> Exercise brief
All of the records below are to be copied exactly.

> Material for this task
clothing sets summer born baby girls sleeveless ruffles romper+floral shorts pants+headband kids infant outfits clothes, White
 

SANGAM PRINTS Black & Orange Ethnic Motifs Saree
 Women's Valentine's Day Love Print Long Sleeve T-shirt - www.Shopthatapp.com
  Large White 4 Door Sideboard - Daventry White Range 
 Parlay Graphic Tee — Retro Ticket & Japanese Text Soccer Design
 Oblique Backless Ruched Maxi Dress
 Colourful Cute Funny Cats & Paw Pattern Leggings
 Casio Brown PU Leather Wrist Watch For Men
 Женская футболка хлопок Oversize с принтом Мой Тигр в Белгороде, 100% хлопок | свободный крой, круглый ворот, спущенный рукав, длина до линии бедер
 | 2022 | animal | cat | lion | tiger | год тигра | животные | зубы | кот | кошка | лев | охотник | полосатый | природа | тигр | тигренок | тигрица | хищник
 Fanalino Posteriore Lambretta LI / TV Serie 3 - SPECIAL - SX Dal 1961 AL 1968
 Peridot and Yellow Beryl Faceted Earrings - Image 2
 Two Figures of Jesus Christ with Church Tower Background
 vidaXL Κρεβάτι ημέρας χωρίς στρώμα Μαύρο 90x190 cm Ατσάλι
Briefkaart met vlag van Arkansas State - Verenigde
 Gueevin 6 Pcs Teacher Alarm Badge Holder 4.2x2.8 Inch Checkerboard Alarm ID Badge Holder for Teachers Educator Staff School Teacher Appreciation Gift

> Task solution
clothing sets summer born baby girls sleeveless ruffles romper+floral shorts pants+headband kids infant outfits clothes, White
 

SANGAM PRINTS Black & Orange Ethnic Motifs Saree
 Women's Valentine's Day Love Print Long Sleeve T-shirt - www.Shopthatapp.com
  Large White 4 Door Sideboard - Daventry White Range 
 Parlay Graphic Tee — Retro Ticket & Japanese Text Soccer Design
 Oblique Backless Ruched Maxi Dress
 Colourful Cute Funny Cats & Paw Pattern Leggings
 Casio Brown PU Leather Wrist Watch For Men
 Женская футболка хлопок Oversize с принтом Мой Тигр в Белгороде, 100% хлопок | свободный крой, круглый ворот, спущенный рукав, длина до линии бедер
 | 2022 | animal | cat | lion | tiger | год тигра | животные | зубы | кот | кошка | лев | охотник | полосатый | природа | тигр | тигренок | тигрица | хищник
 Fanalino Posteriore Lambretta LI / TV Serie 3 - SPECIAL - SX Dal 1961 AL 1968
 Peridot and Yellow Beryl Faceted Earrings - Image 2
 Two Figures of Jesus Christ with Church Tower Background
 vidaXL Κρεβάτι ημέρας χωρίς στρώμα Μαύρο 90x190 cm Ατσάλι
Briefkaart met vlag van Arkansas State - Verenigde
 Gueevin 6 Pcs Teacher Alarm Badge Holder 4.2x2.8 Inch Checkerboard Alarm ID Badge Holder for Teachers Educator Staff School Teacher Appreciation Gift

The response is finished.